You make as many sub-layouts as you need to have enough memory for the calculation. The layout is programmed by setting the points to particular states. The train is set off and it wanders through the layout, switching points as it passes through them. If it gets to the station, it stops ; the results of the computation can then be read off from the various states of the points.

Using this interpretation, Turing's theorem implies that no formal theory, when presented with a randomly chosen layout, can predict whether the train will eventually reach the station. If a test for "does the train halt?" existed, you could construct a layout that suffers from the same problem as the computer program A-the train reaches the station if, and only if, it doesn't. That's obviously nonsense, so no decision procedure for halting can exist.

Admittedly, this is a somewhat banal example -being unable to predict the long-term motion of a toy train doesn't sound like a particularly serious limitation. But it demonstrates that limits do exist to theoretical science. But what, then, about practical science?

John Barrow, an astronomer at the University of Sussex talks about several kinds of fundamental limits to practical science. One involves technological limits that are inherently intractable. For instance, a few years ago, theoretical physicist Rolf Landauer from IBM's research centre at Yorktown Heights in New York asked whether answering certain questions require more resources- in space, time or energy-than are available in the entire Universe. Consider, for example, the state of the Universe as a whole. In a classical (non-quantum) model, it is possible in theory to describe the evolution of the Universe by specifying its initial conditions-the precise state of every particle an instant after the big bang, say. Then the equations of physics will allow you to deduce all future states.

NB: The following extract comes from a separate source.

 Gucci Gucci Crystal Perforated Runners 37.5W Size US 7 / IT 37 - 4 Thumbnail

However, to specify the initial conditions you have to record a list of numbers for every constituent particle. Are there enough particles available to do this? It's a moot point. Even more problematic is the issue of what would happen if you disturbed the motion of a large proportion of the particles in the Universe in the mere act of recording those initial conditions : arguably, the future you predicted would be disturbed by how you set up the computation. It seems likely that trying to predict the behaviour of a system as complex as the Universe, while carrying out the prediction inside that system, is a self- defeating task.

Frontiers of knowledge
But is this a serious restriction to scientific endeavour? You could argue that determining the complete state of the Universe is the biggest, most ambitious scientific question you could ever ask. Yes, on the face of it, this does seem to provide a fundamental limit to our knowledge about the Universe. But you could see it more as a boundary: in a sense, it defines the edges of what we can know, while leaving plenty of space for scientific inquiry within the vast region defined by those edges.

Other examples of scientific limits involve genuine no-go areas : what you want to do sounds reasonable, and you can imagine doing it-it just happens not to be possible. Travelling faster than light, time travel (perhaps), or visiting a black hole and getting out again in one piece are just not on.

These "genuine" limits have to be carefully distinguished from what quantum physicist James Hartle calls "false limits". It is impossible to take a holiday in Atlantis: is this a genuine limitation of air travel? Hardly. In quantum mechanics, the Heisenberg uncertainty principle implies that it is impossible to measure both the position and momentum of a particle at the same time. This may look like a genuine no-go area, but it would be fairer to interpret the uncertainty principle as saying that a quantum particle does not possess a simultaneous position and momentum. It's no-go because, like Atlantis, it's not there.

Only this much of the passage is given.